This work addresses the limitations of existing controllable user simulators, which suffer from lookahead bias introduced during supervised fine-tuning, leading to causal inconsistency and drastically increased evaluation variance that undermines their ability to effectively test novel dialogue policies. The authors formalize controllable simulation as a causal inference problem, identify a “controllability collapse” phenomenon inherent in standard approaches, and establish theoretical conditions necessary to restore causal consistency. To this end, they propose innovative training strategies—including prior-based control, stepwise dynamic control, and policy-conditioned learning—that eliminate lookahead bias while preserving naturalness and behavioral diversity in simulated dialogues. Empirical results demonstrate that the proposed method significantly enhances zero-shot generalization to unseen agents without compromising dialogue quality.

Using offline datasets to evaluate conversational agents often fails to cover rare scenarios or to support testing new policies. This has motivated the use of controllable user simulators for targeted, counterfactual evaluation, typically implemented by prompting or fine-tuning large language models. In this work, we formalize controllable simulation as a causal inference problem. By bridging natural language evaluation with off-policy evaluation methodology, we show that the standard practice of training simulators via supervised fine-tuning on post-hoc trajectory labels yields a structurally biased model. Specifically, these labels are inextricably coupled to the data-generating behavior policy, injecting a look-ahead bias that breaks causal consistency.
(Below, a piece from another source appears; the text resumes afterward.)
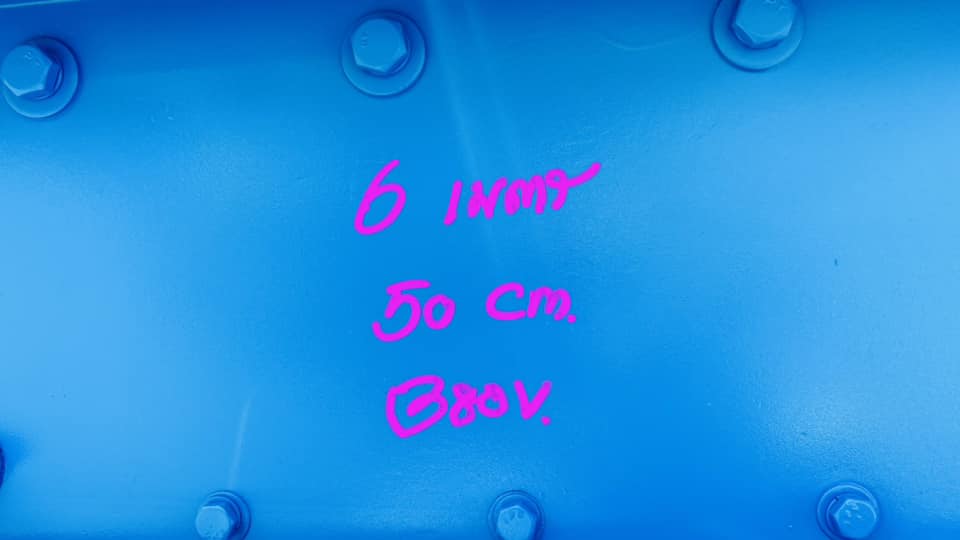 สายพานลำเลียง(CONVEYOR) ขนาดความยาว 6 เมตร สายพานพื้นเรียบหน้ากว้าง 50 cm ระบบมอเตอร์เกียร์ขับเคลื่อน 380V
Furthermore, we prove that under policy shift this failure causes the variance of evaluation metrics to explode geometrically, a phenomenon we term controllability collapse. To restore causal consistency, we establish theoretical conditions for accurate simulation and propose practical training mitigations: a priori controls, step-wise dynamic controls, and direct policy-conditioned learning. Empirical evaluation confirms that while standard global controls distort conversational distributions and collapse behavioral diversity, our causally grounded simulators eliminate look-ahead bias, preserve natural variance, and exhibit robust zero-shot generalization to unseen agent behaviors.